Authentication parameters for accessing AWS Glue

In various scenarios in which StarRocks needs to integrate with AWS Glue, for example, when you create external catalogs, configure the authentication parameters for accessing AWS Glue as follows:

  • For instance profile-based authentication, set aws.glue.use_instance_profile to true.
  • For assumed role-based authentication, set aws.glue.use_instance_profile to true and configure aws.glue.iam_role_arn as the assumed role's ARN that you use to access AWS Glue (for example, the ARN of the assumed role glue_assumed_role you have created above).
  • For IAM user-based authentication, set aws.glue.use_instance_profile to false and configure aws.glue.access_key and aws.glue.secret_key as the access key and secret key of your AWS IAM user.

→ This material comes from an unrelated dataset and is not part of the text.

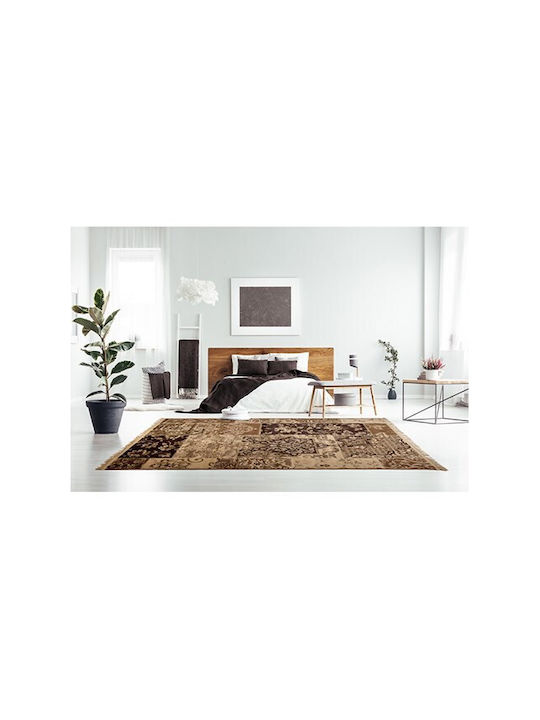 Viokarpet Amal 3331 Rectangular Brown-Black Rug 67x140cm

The following table describes the parameters.

ParameterRequiredDescription
aws.glue.use_instance_profileYesSpecifies whether to enable the instance profile-based authentication method and the assumed role-based authentication. Valid values: true and false. Default value: false.
aws.glue.iam_role_arnNoThe ARN of the IAM role that has privileges on your AWS Glue Data Catalog. If you use the assumed role-based authentication method to access AWS Glue, you must specify this parameter.
aws.glue.access_keyNoThe access key of your AWS IAM user. If you use the IAM user-based authentication method to access AWS Glue, you must specify this parameter.
aws.glue.secret_keyNoThe secret key of your AWS IAM user. If you use the IAM user-based authentication method to access AWS Glue, you must specify this parameter.

Integration examples

External catalog

Creating an external catalog in your StarRocks cluster means building integration with the target data lake system, which is composed of two key components:

  • File storage like AWS S3 to store table files
  • Metastore like Hive metastore or AWS Glue to store the metadata and locations of table files

StarRocks supports the following types of catalogs:

The following examples create a Hive catalog named hive_catalog_hms or hive_catalog_glue, depending on the type of metastore you use, to query data from your Hive cluster. For detailed syntax and parameters, see Hive catalog.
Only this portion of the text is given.